*DIRECTIONS FOR THIS TASK*
List all lines of the data containing the word "House".

==== MATERIAL FOR THIS TASK ====

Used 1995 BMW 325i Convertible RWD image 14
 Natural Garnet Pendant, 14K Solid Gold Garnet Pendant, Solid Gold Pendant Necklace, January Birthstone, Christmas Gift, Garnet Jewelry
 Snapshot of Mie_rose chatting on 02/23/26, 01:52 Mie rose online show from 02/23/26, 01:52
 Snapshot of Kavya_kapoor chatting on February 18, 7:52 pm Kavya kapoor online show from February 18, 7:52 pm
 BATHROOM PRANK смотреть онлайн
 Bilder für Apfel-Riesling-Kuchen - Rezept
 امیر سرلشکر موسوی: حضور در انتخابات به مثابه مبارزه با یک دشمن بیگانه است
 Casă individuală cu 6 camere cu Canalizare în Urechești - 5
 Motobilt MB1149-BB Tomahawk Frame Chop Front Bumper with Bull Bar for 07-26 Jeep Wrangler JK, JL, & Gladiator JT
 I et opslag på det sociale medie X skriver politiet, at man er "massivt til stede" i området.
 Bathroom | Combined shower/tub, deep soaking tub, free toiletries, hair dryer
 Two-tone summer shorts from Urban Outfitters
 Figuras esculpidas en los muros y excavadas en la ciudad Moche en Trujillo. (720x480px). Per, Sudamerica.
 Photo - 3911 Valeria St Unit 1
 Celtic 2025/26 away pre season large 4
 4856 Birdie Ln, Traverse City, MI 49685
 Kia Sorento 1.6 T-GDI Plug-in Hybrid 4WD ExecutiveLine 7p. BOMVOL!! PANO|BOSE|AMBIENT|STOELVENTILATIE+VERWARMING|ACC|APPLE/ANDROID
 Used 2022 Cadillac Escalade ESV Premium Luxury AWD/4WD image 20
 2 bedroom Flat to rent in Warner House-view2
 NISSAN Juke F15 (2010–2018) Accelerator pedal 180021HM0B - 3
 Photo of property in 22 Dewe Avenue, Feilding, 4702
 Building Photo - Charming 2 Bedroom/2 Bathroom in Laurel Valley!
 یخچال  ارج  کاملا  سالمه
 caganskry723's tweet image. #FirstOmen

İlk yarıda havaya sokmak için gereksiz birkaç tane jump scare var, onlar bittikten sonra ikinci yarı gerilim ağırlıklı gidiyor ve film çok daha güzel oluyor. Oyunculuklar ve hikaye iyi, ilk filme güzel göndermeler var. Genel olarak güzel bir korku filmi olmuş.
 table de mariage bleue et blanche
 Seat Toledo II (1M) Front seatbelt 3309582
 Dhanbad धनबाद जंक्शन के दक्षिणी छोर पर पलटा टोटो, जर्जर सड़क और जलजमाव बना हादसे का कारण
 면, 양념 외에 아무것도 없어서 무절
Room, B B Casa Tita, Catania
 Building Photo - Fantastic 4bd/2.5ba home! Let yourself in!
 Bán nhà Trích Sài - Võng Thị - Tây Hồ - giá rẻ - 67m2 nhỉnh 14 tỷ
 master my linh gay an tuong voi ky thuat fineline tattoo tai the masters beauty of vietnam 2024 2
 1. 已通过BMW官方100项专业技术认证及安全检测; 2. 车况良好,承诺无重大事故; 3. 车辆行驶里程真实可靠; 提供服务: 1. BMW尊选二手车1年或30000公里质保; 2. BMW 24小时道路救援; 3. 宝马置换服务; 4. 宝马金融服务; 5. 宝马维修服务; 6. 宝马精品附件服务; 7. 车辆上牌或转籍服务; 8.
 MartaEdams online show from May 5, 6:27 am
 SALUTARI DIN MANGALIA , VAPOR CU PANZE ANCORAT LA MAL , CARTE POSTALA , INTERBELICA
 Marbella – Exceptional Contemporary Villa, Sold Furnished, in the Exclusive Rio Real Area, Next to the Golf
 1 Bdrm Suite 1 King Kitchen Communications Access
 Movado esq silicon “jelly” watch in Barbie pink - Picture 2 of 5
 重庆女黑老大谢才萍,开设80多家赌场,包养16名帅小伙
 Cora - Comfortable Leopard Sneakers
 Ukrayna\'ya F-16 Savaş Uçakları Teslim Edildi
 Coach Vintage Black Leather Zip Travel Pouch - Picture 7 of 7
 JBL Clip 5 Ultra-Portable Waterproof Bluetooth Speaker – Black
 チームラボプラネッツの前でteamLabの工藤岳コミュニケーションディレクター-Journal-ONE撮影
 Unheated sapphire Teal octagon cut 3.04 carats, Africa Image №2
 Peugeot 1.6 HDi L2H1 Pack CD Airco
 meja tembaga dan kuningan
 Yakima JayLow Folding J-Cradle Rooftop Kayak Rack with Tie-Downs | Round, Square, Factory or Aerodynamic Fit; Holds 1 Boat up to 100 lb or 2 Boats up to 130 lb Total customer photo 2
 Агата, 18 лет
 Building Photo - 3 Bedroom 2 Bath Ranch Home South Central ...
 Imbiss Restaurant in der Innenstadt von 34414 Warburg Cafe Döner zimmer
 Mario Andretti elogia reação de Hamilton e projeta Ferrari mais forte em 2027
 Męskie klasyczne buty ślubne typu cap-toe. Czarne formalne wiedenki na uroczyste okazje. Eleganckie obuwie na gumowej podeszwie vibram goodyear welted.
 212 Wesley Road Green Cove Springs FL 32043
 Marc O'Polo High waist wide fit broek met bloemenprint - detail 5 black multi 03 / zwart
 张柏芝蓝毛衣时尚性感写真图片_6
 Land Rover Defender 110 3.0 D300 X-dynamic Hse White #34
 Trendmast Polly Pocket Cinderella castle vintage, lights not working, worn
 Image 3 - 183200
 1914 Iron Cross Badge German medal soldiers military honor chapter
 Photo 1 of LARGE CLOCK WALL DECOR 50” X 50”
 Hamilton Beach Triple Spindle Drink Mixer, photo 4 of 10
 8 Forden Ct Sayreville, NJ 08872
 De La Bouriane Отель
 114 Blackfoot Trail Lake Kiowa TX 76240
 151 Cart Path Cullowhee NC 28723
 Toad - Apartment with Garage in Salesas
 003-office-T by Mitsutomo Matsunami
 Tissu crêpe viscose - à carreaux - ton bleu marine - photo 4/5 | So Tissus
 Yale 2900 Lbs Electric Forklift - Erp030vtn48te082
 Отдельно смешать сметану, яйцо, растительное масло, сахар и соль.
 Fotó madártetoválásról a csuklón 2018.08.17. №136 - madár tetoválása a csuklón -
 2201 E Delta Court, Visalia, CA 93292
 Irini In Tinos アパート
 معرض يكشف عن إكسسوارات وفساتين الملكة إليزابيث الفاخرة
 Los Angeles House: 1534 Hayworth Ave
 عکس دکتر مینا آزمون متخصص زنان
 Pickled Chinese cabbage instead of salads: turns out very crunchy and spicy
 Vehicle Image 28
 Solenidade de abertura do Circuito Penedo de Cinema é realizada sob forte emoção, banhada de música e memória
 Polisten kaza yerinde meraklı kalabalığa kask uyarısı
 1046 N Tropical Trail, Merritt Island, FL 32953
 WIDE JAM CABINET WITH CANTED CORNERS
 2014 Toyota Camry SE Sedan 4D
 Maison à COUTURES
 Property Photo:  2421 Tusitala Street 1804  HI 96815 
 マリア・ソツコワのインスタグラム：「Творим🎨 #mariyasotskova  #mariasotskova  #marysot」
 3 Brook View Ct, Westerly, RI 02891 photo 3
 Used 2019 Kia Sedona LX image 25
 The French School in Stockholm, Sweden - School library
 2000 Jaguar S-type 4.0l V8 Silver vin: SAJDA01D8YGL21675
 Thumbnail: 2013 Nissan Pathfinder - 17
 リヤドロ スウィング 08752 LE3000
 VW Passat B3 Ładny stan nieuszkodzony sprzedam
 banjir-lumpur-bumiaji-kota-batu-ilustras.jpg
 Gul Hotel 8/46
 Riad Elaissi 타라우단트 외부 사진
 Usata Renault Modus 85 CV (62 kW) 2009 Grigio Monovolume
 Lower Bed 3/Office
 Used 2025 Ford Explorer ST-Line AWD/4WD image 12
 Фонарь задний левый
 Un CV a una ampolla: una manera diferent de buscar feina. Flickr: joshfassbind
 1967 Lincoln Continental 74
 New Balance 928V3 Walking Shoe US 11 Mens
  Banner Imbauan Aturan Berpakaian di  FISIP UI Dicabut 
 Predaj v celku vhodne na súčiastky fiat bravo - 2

====

*RESPONSE*
 2 bedroom Flat to rent in Warner House-view2
 Los Angeles House: 1534 Hayworth Ave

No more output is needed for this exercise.